[Activity]:
What is needed is an exact copy of the records below, without the pictures.
# # # # # # #
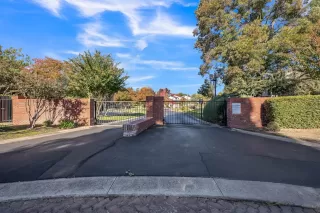 Photo #2: 224122845 Listing 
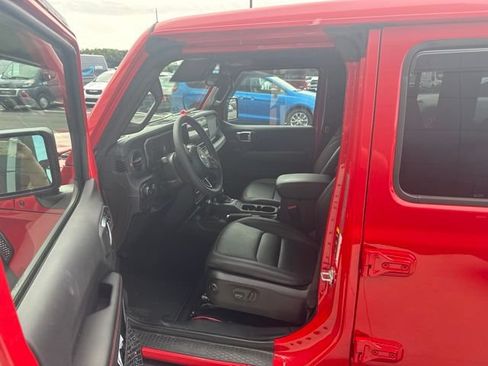 Used 2026 Jeep Wrangler Unlimited Rubicon w/ Safety Group AWD/4WD image 6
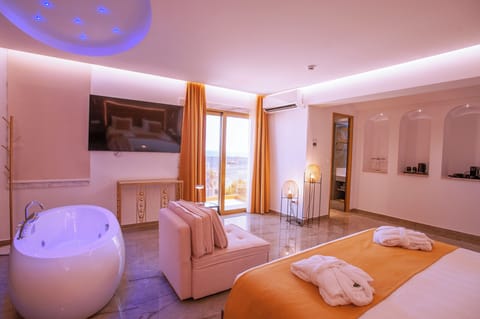 Royal Suite, Sea View | Desk, soundproofing, free WiFi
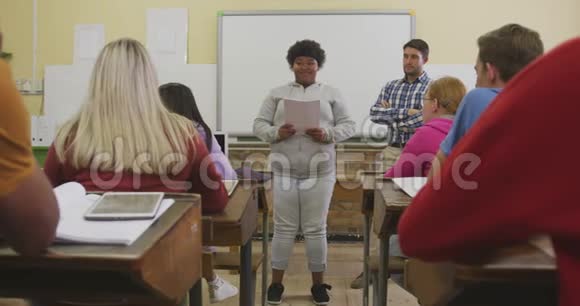 非洲裔美国高中女孩向一群青少年展示视频的预览图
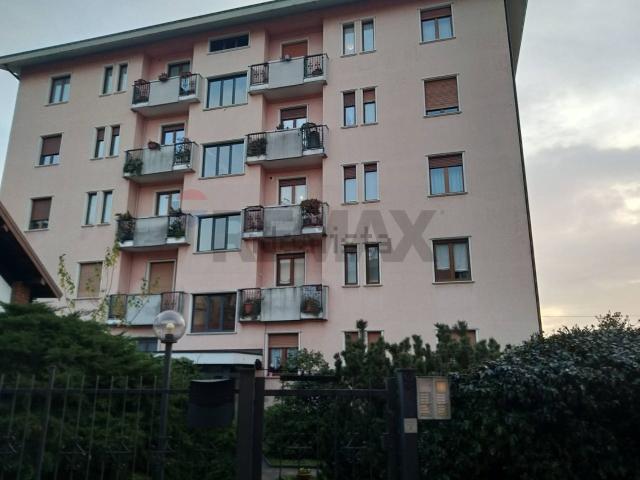 Locale Commerciale in affitto a Biumo Superiore, Varese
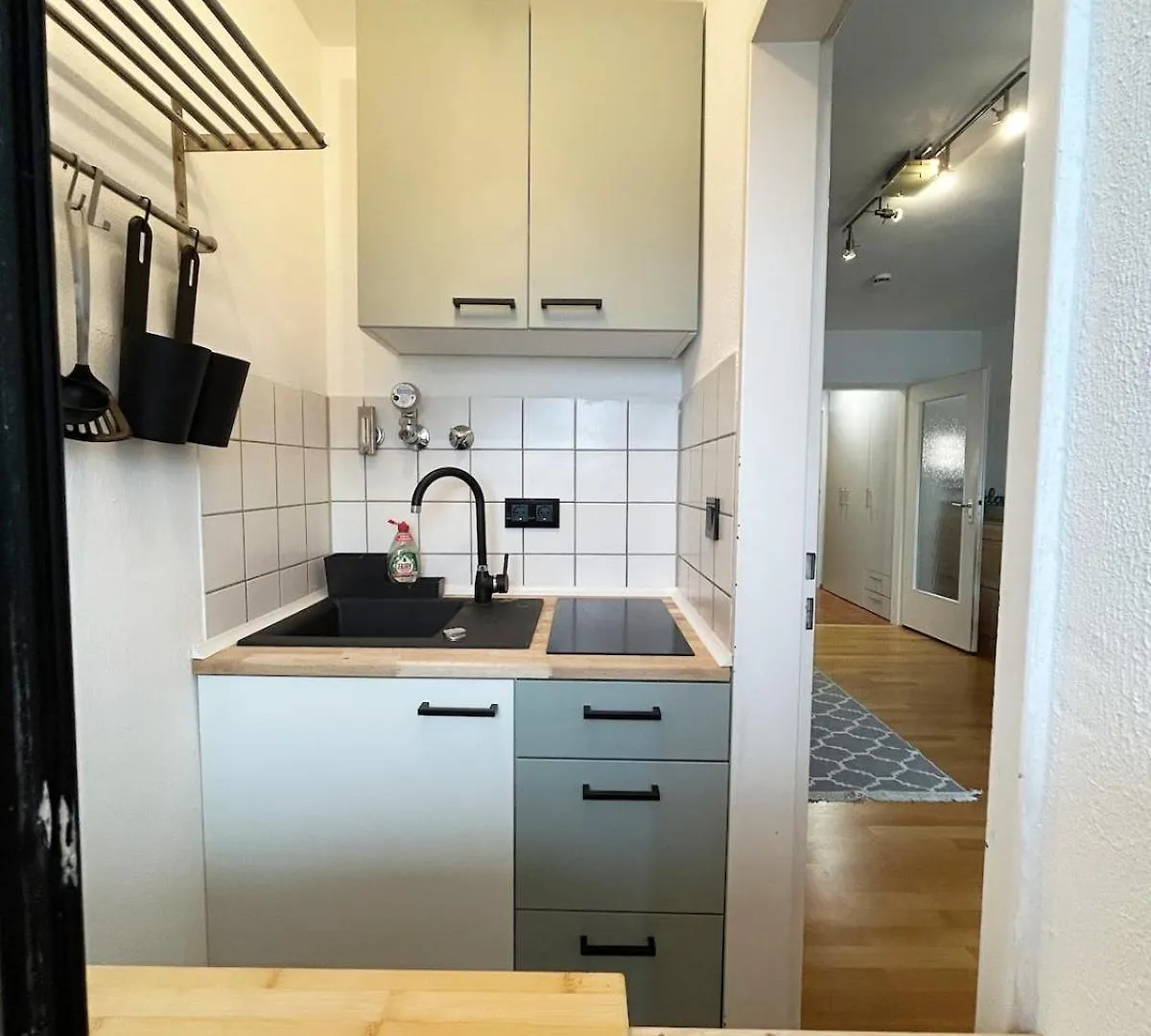 Furnished Apartment U6 Harras Munich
# # # # # # #
[Response to this task]:
 Photo #2: 224122845 Listing 
 Used 2026 Jeep Wrangler Unlimited Rubicon w/ Safety Group AWD/4WD image 6
 Royal Suite, Sea View | Desk, soundproofing, free WiFi
 非洲裔美国高中女孩向一群青少年展示视频的预览图
 Locale Commerciale in affitto a Biumo Superiore, Varese
 Furnished Apartment U6 Harras Munich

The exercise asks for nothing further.